We split into groups of 2 or 3 and planned an iteration of this routine that we knew we were going to rehearse with the group. Planning was extremely streamlined because we were given a bank of tasks (elementary and high school), a powerpoint that we could modify to suit our needs, and a planning template (there's a version here if you click on "prepare") with the think-throughs required.

Part IV: Rehearsals

Several groups then got to tag-team the rehearsal of the routine that they had planned. Before we started, David clarified the purpose of the rehearsal: “In our work, the objective is not for individual teachers to practice teaching (although this happens) but to develop a shared understanding of pedagogy amongst all participants in the rehearsal.” This shared understanding allows teachers to more easily discuss what is happening in their classroom and focus in on the small variations.

In the rehearsals, the partners traded in and out of the teacher role. The teacher and the facilitators also had the opportunity to call a time out at any moment. Teachers were encouraged to call a time out if they weren’t sure what to do next or if they wanted to analyze the efficacy of a decision they had just made. Facilitators often called time outs to highlight something that a teacher had just done or offer additional insight based on their greater experience.
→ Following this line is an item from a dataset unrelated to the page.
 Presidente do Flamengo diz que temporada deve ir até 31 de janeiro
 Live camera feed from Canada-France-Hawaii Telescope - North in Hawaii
Also, not all groups did all sections of the routine. The facilitators had groups start and stop in different places which allowed us to focus in on different things in different rehearsals.


  1. Hi Nicole,

    I like this reflection on our workshop. I so infrequently get to see what different people took away from a workshop I've facilitated and your's is the fourth blogpost (and 4th different perspective) that I've gotten to read so that i really cool.
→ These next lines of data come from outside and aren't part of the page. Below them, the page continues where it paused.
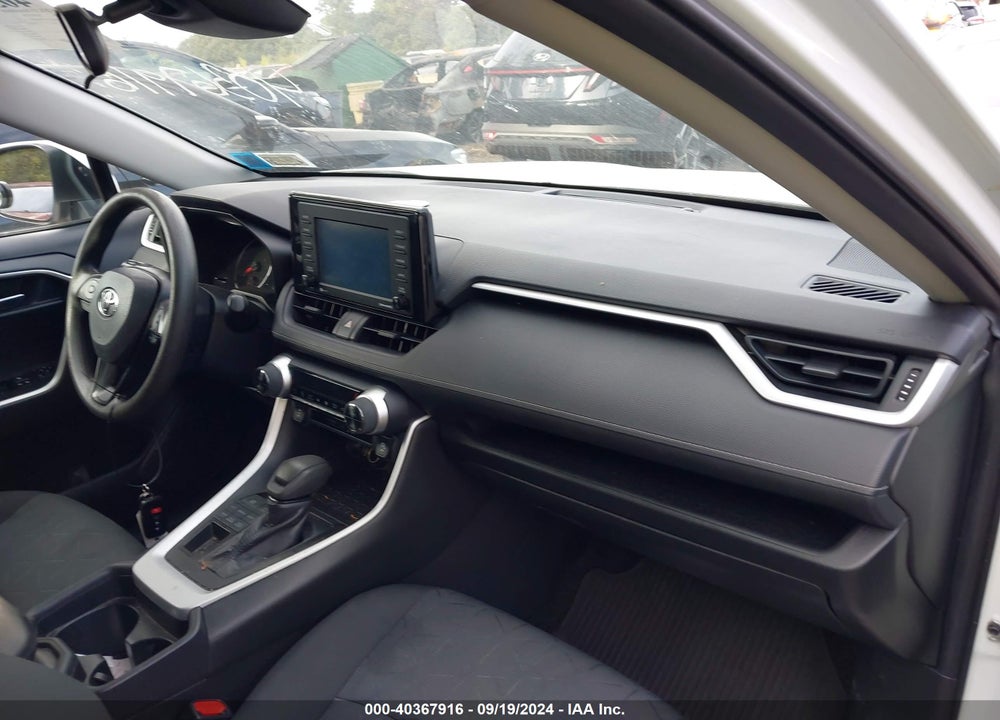 2020 TOYOTA RAV4 XLE VIN: 2T3P1RFV7LW098382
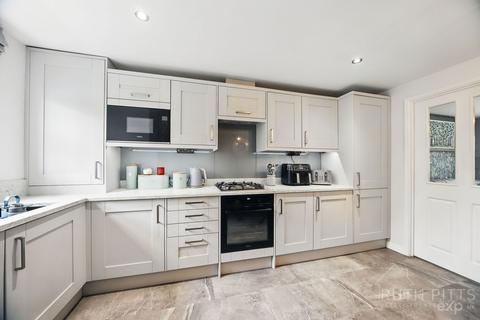 12 Barleyfields Close, Ackworth, Pontefract, WF7 7RY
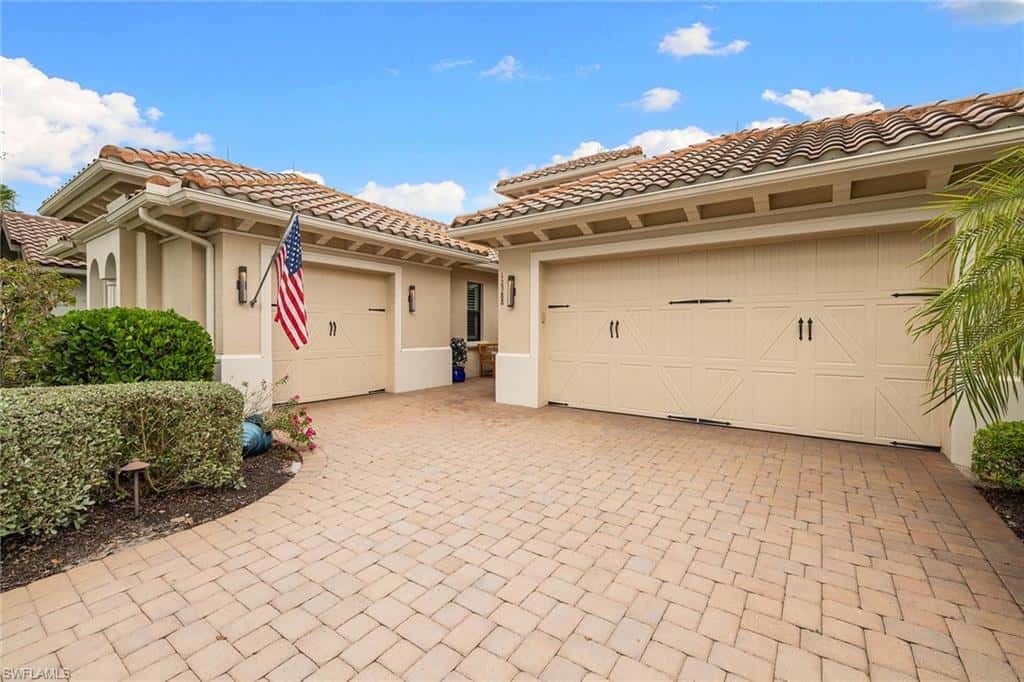 12388 Wisteria Dr, Naples, photo 47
    I don't know the answer to "I am not sure yet what instructional routine will be the best fit for the teachers who I will be working with" but I will note that I suggest a routine that is rather more spelled out (to the grain size that Contemplate then Calculate is) /seems/ to be more helpful than one which is a little looser in format (like a Number Talk).

    I do think that being explicit about the link to their own learning as a group of teachers by enacting the routine is also helpful.

    Please feel free to loop me if you want to bounce any ideas off of me or ask any questions.


    1. Hi David,

      I think you are right about a routine that is really spelled out. I personally find it much more approachable than one that is vaguer and the more we have in common in our implementation the easier it will be to talk about the routine.

      I will definitely keep in touch!